§ **Your task**: From the entries below, return only the lines starting at the one that contains "Military faux leather midi skirt" and ending at the one that contains "Popsocket Gương Nơ", exactly as they stand.
-------- Material for this task --------
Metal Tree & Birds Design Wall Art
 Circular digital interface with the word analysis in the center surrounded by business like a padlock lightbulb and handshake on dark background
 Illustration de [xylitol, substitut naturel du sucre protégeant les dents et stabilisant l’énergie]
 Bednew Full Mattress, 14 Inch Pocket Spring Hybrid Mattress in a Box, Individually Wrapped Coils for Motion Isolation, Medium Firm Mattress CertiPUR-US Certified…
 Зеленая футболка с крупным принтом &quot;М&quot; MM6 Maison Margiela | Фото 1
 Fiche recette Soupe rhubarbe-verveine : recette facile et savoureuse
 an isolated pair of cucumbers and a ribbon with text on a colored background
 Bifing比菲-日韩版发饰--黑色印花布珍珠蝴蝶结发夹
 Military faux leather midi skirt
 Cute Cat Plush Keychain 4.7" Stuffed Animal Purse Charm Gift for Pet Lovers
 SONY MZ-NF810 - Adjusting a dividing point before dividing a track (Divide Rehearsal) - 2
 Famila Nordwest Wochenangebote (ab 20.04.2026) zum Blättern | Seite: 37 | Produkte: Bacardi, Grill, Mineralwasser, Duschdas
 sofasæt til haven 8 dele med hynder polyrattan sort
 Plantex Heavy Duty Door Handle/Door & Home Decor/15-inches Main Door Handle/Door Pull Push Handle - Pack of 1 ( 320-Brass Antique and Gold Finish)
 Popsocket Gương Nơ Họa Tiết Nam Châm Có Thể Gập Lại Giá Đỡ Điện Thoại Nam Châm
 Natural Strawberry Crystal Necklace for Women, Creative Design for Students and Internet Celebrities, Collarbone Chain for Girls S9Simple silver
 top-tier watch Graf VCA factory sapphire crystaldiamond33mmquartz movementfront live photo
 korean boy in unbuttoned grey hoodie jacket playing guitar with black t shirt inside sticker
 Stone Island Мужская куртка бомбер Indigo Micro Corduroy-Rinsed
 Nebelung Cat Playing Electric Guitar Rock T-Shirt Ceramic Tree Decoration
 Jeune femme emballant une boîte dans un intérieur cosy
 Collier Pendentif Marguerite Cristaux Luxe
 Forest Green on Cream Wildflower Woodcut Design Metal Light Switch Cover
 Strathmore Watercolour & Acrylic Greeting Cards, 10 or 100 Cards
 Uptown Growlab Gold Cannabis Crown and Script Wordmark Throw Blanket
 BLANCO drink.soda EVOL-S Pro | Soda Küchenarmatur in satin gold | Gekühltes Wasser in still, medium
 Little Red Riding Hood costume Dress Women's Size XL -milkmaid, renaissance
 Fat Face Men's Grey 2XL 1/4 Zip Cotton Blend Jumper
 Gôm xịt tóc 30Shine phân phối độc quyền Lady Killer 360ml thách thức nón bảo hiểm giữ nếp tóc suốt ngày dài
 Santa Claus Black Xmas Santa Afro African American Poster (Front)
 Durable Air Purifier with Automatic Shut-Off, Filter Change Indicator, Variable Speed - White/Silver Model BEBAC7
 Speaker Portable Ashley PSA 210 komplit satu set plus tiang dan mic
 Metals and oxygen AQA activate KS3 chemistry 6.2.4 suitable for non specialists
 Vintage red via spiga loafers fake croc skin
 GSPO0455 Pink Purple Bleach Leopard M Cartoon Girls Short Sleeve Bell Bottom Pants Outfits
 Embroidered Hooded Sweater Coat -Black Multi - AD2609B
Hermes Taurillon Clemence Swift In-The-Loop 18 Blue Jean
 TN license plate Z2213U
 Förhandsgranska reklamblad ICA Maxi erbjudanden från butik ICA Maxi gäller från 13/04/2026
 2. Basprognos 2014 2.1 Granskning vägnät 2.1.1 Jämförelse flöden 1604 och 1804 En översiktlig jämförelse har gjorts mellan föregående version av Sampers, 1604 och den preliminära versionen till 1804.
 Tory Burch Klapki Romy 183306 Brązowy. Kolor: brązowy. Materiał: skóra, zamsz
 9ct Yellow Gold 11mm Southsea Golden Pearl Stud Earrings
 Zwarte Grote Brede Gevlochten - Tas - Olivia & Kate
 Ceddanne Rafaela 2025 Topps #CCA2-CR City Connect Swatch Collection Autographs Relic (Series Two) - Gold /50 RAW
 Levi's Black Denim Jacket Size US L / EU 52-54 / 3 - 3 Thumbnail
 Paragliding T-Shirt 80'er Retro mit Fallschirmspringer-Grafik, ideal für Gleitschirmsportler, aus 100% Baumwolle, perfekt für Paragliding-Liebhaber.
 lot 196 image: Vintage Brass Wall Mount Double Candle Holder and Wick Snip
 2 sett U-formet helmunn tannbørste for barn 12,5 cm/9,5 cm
--------
§ **Task result**:
 Military faux leather midi skirt
 Cute Cat Plush Keychain 4.7" Stuffed Animal Purse Charm Gift for Pet Lovers
 SONY MZ-NF810 - Adjusting a dividing point before dividing a track (Divide Rehearsal) - 2
 Famila Nordwest Wochenangebote (ab 20.04.2026) zum Blättern | Seite: 37 | Produkte: Bacardi, Grill, Mineralwasser, Duschdas
 sofasæt til haven 8 dele med hynder polyrattan sort
 Plantex Heavy Duty Door Handle/Door & Home Decor/15-inches Main Door Handle/Door Pull Push Handle - Pack of 1 ( 320-Brass Antique and Gold Finish)
 Popsocket Gương Nơ Họa Tiết Nam Châm Có Thể Gập Lại Giá Đỡ Điện Thoại Nam Châm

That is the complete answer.